Mumbai: Most phone users in India may not see the connection, but your reluctance, or even laziness, to recycle that discarded phone could be a major reason for the dramatic decline in gorilla populations in the Democratic Republic of the Congo (DRC).

According to a new paper by University of South Australia (UniSA) researchers and Zoos Victoria, if “conflict" metals, including gold and coltan (primarily used in the production of tantalum capacitors for electronic devices), used to manufacture cell phones can be recovered from old mobile phones, there will be less incentive to mine gorilla habitats for the same minerals.

The researchers published their paper in PLOS ONE on Wednesday. UniSA conservation psychologist and great ape expert Carla Litchfield, the paper’s lead author, explains: “For every 30-40 mobile phones that are recycled, on average, one gram of gold can be recovered...Just as mobile phone sales are soaring, and gold content is increasing in some smartphones, natural sources of gold are expected to run out by 2030."

The authors point out the barriers to recycling used phones, including lack of e-waste recycling points in many countries, secrecy around the phones’ mineral composition, privacy concerns around accessing old data, and just plain hoarding.

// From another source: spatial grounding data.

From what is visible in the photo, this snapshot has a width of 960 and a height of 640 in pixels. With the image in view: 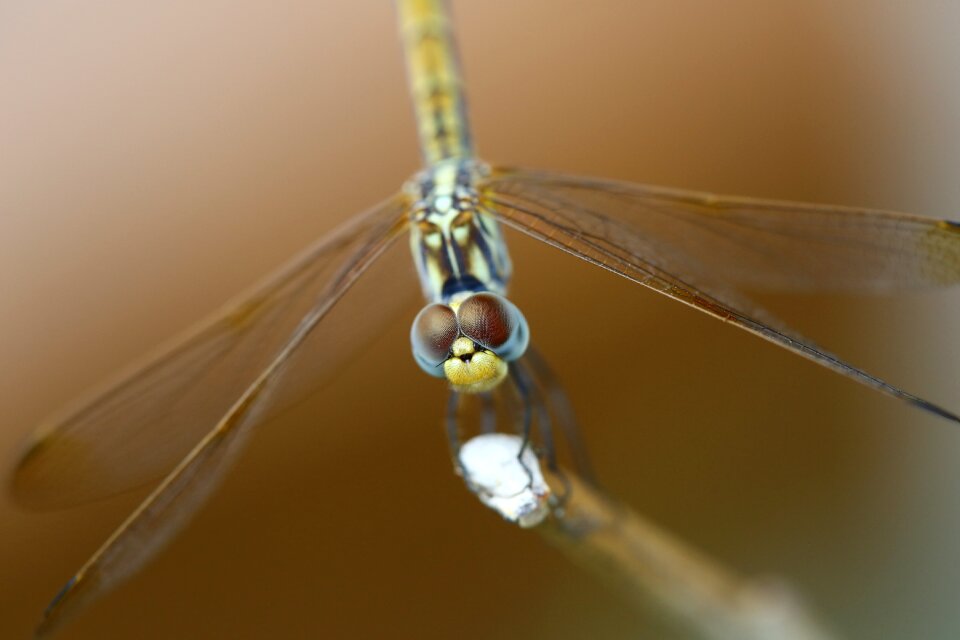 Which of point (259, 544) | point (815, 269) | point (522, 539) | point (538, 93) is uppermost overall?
point (538, 93)

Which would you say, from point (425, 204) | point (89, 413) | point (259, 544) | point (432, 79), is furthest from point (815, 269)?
point (259, 544)

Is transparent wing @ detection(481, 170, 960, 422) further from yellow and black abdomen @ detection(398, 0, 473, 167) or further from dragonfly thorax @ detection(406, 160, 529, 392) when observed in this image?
yellow and black abdomen @ detection(398, 0, 473, 167)

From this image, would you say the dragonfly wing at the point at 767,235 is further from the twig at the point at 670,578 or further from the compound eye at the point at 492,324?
the twig at the point at 670,578

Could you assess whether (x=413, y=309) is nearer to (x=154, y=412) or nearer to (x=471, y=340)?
(x=154, y=412)

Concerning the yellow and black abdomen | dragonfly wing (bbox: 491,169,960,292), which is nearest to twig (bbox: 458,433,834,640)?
dragonfly wing (bbox: 491,169,960,292)

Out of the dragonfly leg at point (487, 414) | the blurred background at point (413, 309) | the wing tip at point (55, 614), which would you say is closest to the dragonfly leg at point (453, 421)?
the dragonfly leg at point (487, 414)

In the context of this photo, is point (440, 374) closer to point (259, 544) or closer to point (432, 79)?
point (432, 79)

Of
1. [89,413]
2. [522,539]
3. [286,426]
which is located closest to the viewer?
[89,413] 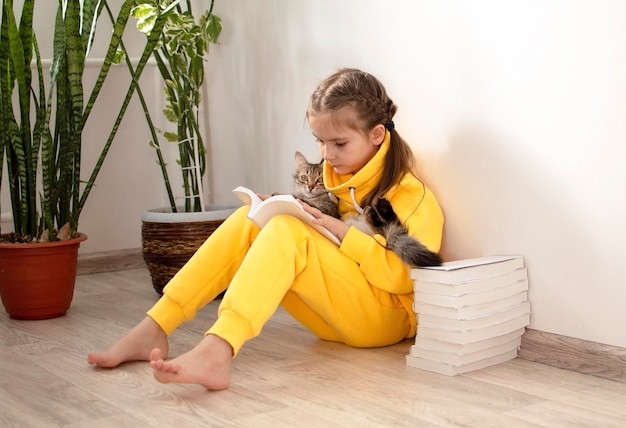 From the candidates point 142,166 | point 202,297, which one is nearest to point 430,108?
point 202,297

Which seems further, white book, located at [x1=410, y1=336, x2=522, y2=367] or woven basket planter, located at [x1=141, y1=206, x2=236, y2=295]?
woven basket planter, located at [x1=141, y1=206, x2=236, y2=295]

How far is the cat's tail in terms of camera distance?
1903 millimetres

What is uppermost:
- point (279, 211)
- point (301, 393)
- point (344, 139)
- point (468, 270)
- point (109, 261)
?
point (344, 139)

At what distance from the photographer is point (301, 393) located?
1749mm

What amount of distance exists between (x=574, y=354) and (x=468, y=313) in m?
0.25

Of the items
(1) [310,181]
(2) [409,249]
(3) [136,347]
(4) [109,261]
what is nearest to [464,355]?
(2) [409,249]

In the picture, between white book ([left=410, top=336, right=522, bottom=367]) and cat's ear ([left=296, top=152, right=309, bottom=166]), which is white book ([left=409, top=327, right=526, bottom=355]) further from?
cat's ear ([left=296, top=152, right=309, bottom=166])

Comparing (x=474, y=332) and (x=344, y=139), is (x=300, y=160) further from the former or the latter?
(x=474, y=332)

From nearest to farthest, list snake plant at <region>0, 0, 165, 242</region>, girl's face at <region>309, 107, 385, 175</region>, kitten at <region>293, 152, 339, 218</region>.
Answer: girl's face at <region>309, 107, 385, 175</region> < kitten at <region>293, 152, 339, 218</region> < snake plant at <region>0, 0, 165, 242</region>

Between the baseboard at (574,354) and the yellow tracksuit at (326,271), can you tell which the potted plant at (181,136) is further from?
the baseboard at (574,354)

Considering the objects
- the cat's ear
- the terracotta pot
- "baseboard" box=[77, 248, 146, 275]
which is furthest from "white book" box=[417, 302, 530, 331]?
"baseboard" box=[77, 248, 146, 275]

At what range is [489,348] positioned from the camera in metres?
1.92

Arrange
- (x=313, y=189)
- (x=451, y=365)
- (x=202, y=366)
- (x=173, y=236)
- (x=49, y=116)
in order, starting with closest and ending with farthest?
(x=202, y=366) < (x=451, y=365) < (x=313, y=189) < (x=49, y=116) < (x=173, y=236)

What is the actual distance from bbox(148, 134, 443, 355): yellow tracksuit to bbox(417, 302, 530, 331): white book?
12 centimetres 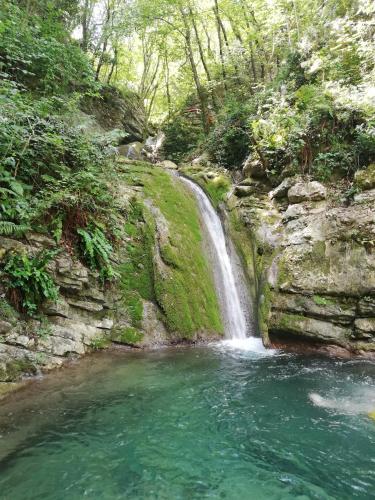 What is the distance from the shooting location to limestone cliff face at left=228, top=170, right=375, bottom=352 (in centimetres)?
767

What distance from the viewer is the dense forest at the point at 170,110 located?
270 inches

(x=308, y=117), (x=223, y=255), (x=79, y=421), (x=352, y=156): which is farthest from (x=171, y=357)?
(x=308, y=117)

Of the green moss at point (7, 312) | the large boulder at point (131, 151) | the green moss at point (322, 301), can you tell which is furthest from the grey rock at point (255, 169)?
the green moss at point (7, 312)

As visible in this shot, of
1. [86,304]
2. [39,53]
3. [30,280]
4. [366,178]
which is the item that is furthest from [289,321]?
[39,53]

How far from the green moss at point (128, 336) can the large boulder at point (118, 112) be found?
10.7m

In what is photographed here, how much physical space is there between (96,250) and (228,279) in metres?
3.93

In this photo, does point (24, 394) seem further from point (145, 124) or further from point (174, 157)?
point (145, 124)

Estimates suggest that in Germany alone more than 8,000 tonnes of precious metals will lie in unrecycled mobile and smartphones by 2035, while by 2025 in China, an estimated nine tonnes of gold, 15 tonnes of silver and 3,100 tonnes of copper will be out of the supply loop from 0.35 billion unrecycled phones.

The Global E-Waste Monitor, 2017, published by the United Nations University estimated that India generates about 2 million metric tonnes of electronic waste, or e-waste, annually (2016). Nearly 82% of this is personal devices. The report ranked India 5th among the world’s top e-waste producing countries, after the US, China, Japan and Germany. According to a 2017 ASSOCHAM-KPMG study, Electronic Waste Management in India, computer equipment accounts for almost 70% of e-waste.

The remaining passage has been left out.